Onwards to Uluru: Where there is a will, there will always be a way.... Even when dingos eat your tent - A treadling Hyohakusha - CycleBlaze

September 3, 2017

Onwards to Uluru: Where there is a will, there will always be a way.... Even when dingos eat your tent

Ormiston gorge to Glen Helen
12 km

It was only 12 km from Ormiston to Glen Helen, so I thought I'd hang around until the cafe opened at 1000 and try my luck with the vanilla slice one last time. Alas, it was not to be, they didn't have time to make another batch, so hungry cyclists and all the campers will have to do without today...

Glen Helen was not busy when I got there before noon, but during the afternoon people came rolling in from Alice Springs. Glen Helen (restaurant and bar, emphasis on the bar) is where they all head for a campout pissup. And when I got back to my tent after the afternoon burger, beer and blog updating, I was surrounded by a bunch of geriatric bikies and their women. I didn't have to worry about them though. It seems geriatric bikes just can't party like they did when they were young. They had been drinking all day and by 2200 they were fairly well roasted and pickled - sound asleep in their swags well before midnight. Just as well, too: there is only so much farting, burping and incoherent drunken rambling you can take in the middle of the night. Not quite as cute as my neighbours yesterday at Ormiston.

I overheard one of the staff mention that the Finke River is the world's oldest river. Oldest river in the oldest continent - I like that.

If you, gentle reader, cycle south from here, Ormiston Gorge has very good bore water. Glen Helen does not. It is drinkable, but just barely. I got my water from their rainwater tanks located close to the camp kitchen; there was no one around early in the morning to tell me I couldn't. All in all, if you're asking my opinion, I think Ormiston is the better value of the two locations, unless of course you want a beer with that burger or you need to party like a bikie...

Now, will 15 litres be enough to get this aged geriatric to Kings Canyon? Read on gentle reader to find out.
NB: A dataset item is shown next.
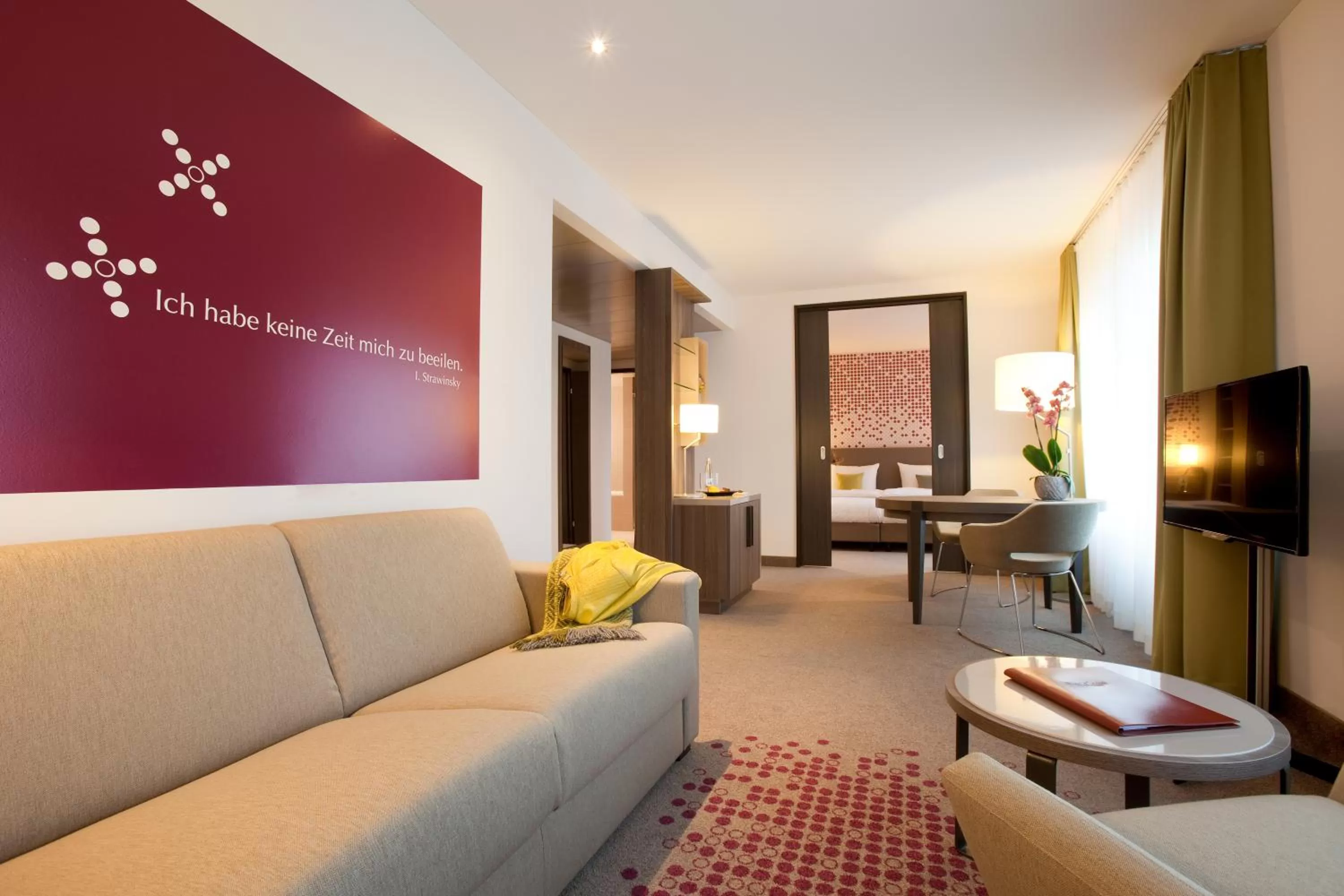 TV and multimedia in Vienna House by Wyndham zur Bleiche Schaffhausen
Glen Helen to Meerenie Loop
89 km

I thought I was getting an early start, but it was about 0830 by the time I got going: back in the routine, I guess. Found a small brown snake sunning him/her self (I'm not getting close enough to enquire about its gender) on the road just past the Finke River crossing. I started with a tailwind, which was a lot of fun and good for the morale - the kilometres flew by and the West Macs were amazing. I eventually turned south and my tailwind turned into a headwind for the climb over Tyler Pass. It is a lovely ride through the pass and a gentle grade, but the strong headwind made hard work of it. The birds were singing and the creek the road follows was quietly sublime - I doubt that the car riders would have even noticed - another good reason to travel by bicycle. The view of Gosse Bluff from the lookout at the top of the pass is breathtaking.

And where are those damn wild horses, there was plenty of sign that they are out there.

They have to be out there somewhere...
They were making "group deposits" on the roadside every 100 metres.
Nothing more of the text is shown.